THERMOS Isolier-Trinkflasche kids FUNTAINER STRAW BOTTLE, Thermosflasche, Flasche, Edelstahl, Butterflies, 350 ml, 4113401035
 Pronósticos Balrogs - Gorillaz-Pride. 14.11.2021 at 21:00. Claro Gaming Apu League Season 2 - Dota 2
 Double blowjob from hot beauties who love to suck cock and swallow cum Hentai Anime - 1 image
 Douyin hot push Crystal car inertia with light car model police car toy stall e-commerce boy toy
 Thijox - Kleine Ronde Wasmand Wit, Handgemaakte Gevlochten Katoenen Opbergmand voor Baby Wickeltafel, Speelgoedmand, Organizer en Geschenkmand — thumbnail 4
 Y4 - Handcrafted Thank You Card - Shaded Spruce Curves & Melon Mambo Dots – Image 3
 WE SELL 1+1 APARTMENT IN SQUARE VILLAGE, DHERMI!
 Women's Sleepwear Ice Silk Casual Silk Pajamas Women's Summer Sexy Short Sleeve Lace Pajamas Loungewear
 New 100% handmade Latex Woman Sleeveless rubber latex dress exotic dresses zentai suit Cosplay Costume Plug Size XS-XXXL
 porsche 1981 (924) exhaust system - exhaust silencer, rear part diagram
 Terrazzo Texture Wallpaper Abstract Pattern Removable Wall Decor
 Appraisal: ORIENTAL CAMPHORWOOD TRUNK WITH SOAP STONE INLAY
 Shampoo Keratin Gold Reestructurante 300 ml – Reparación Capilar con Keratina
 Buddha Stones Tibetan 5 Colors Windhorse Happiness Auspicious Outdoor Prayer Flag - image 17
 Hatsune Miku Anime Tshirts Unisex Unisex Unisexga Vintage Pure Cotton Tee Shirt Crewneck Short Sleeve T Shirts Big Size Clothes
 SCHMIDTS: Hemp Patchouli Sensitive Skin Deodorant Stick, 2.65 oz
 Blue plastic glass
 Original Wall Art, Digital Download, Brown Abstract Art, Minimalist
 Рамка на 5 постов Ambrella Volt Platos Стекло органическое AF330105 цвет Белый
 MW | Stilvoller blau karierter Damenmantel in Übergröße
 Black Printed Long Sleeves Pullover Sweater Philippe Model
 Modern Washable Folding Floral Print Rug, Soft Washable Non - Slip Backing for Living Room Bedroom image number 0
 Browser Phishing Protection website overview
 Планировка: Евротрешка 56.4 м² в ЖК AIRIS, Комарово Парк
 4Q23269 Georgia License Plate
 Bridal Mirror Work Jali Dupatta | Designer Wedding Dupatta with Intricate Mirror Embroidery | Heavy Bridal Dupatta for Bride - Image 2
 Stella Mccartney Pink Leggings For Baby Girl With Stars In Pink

_Assignment_: Find all the lines containing "Abstract" in the material, then copy them.

_Answer to the exercise_:
 Terrazzo Texture Wallpaper Abstract Pattern Removable Wall Decor
 Original Wall Art, Digital Download, Brown Abstract Art, Minimalist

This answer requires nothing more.